Now lets assume our worker expects to live 10 years and removes $14,400 a year which is taxed at an effective rate of 24%. Her tax owed would be:
14,400 * .24 = $3,456
If this tax were taken on of the monthly SS payment it would be $288 per month. Far less than the maximum benefit of $1, 900 per month that this worker based on her income would receive. So if DeLong is to be believed, the only possible way that the tax owed on private account withdrawals could exceed the SS benefit would be if the private account had achieved excellent returns over the previous 40 years.
This is a problem?
Oh sure, you'll note that DeLong also deducts the worker's Medicare premium from the monthly SS benefit to whittle away the $1,900. This however is a mistake that clouds the argument. The premium is not a tax that the worker gets nothing in return for, it is the cost of the worker's healthcare and as such has very real value for the worker. So we cannot subtract this premium from the SS payment and make the statement that our worker ends up with zero due to private accounts.

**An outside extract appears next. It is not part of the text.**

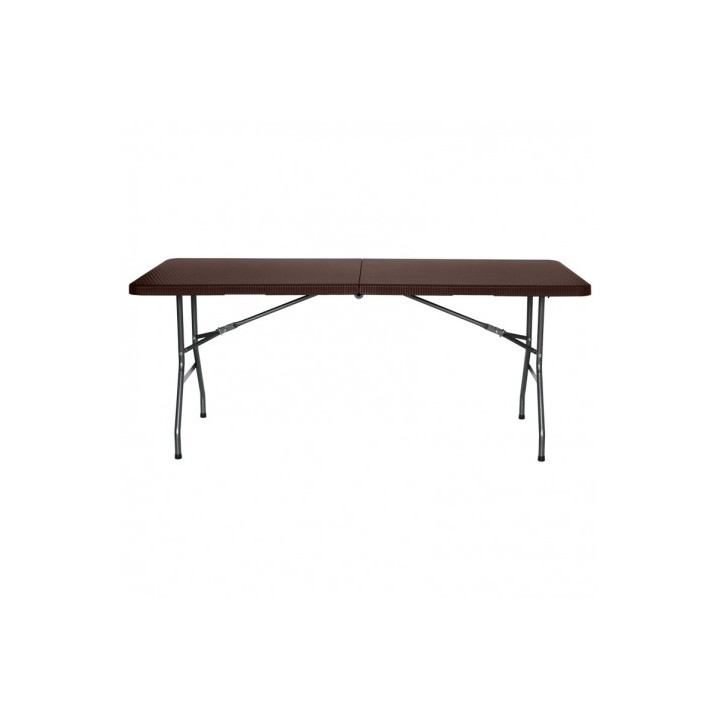 MESA DE RESINA PLEGABLE EFECTO RATÁN 180X74X74CM 3.5CM SUNGARDEN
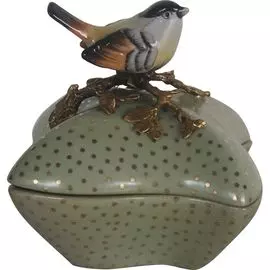 Шкатулка Glasar зеленая в горошек с птичкой на крышке 15х15х16 см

So in conclusion, one can still be against progressive indexing and private accounts as solutions to SS on solid philosophical ground. To do so however one must also acknowledge that a problem exists, and about the only other alternative is to raise taxes. When you consider that we cannot continue to raise taxes for every social program without at some point doing serious damage to our economy, you begin to realize that there is merit to Bush's ideas.